Overall, as-reported numbers would significantly understate the expected earnings of these companies as shown by the Uniform-adjusted sell-side estimates.
While these firms suffer from the adverse effects of the coronavirus pandemic, dragging down their short-term earnings growth expectations, Uniform Accounting metrics show that these companies have intact business models that should drive economic profitability moving forward.
SUMMARY and Ayala Corporation Tearsheet
Today, we’re highlighting one of the larger individual stock holdings in the BDO PERA Equity Index Fund—Ayala Corporation (AC:PHL).
As the Uniform Accounting tearsheet for Ayala Corporation highlights, the company trades at a Uniform P/E of 15.4x, which is below the global corporate average P/E of 23.7x and its historical average of 17.1x.
Low P/Es require low, and even negative, EPS growth to sustain them. In the case of Ayala Corporation, the company has shown a 105% Uniform EPS shrinkage in 2020.
Sell-side analysts provide stock and valuation recommendations that poorly track reality. However, sell-side analysts have a strong grasp on near-term financial forecasts like revenue and earnings.
We take sell-side forecasts for Philippine Financial Reporting Standards (PFRS) earnings as a starting point for our Uniform earnings forecasts. When we do this, Ayala Corporation’s sell-side analyst-driven forecast shows that Uniform earnings are expected to grow by 651% and 58% in 2021 and 2022, respectively.
Based on the current stock market valuations, we can back into the required earnings growth rate that would justify Ayala Corporation’s PHP 727.00 stock price. These are often referred to as market embedded expectations.
Ayala Corporation is currently being valued as if Uniform earnings were to grow by 4% per year over the next three years. What sell-side analysts expect for Ayala Corporation’s earnings growth is above what the current stock market valuation requires in both 2021 and 2022.
The company has an earning power below long-run corporate averages, and its cash flows and cash on hand fall short of obligations within five years. Moreover, the company has an intrinsic credit risk of 140bps.
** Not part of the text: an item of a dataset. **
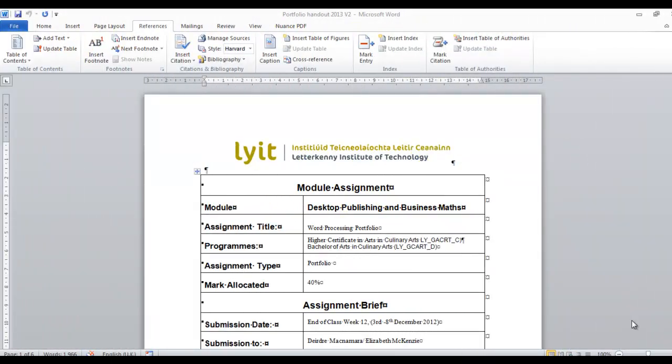Hi, Deirdre McNamara here from Letterkenny IT. I'm just going to do a short video on how to manage your sources in referencing in Microsoft Word 2010.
Together, these indicate that Ayala Corporation has a high dividend risk and moderate credit risk.
To conclude, Ayala Corporation’s Uniform earnings growth is well below peer averages and is trading below peer average valuations.
About the Philippine Markets Daily
“Friday Uniform Portfolio Analytics”
Investors who don’t engage in the buying or selling of securities for a living often rely on professionals to manage their own investments within the scope of their investment policies.
With so many funds and managers out there, it can get confusing and difficult to decide which one best suits your needs as an investor.
Every Friday, we focus on one fund in the Philippines and take a deeper look into their current holdings. Using Uniform Accounting, we identify the high-quality stocks in their portfolio which may not be obvious using the as-reported numbers.
We also identify which holdings may be problematic for the fund’s returns that they would need to reconsider from a UAFRS perspective.
To wrap up the fund analysis, we highlight one of their largest holdings and focus on key metrics to watch out for, accessible in our tearsheets.
Hope you’ve found this week’s focus on BDO PERA Equity Index Fund interesting and insightful.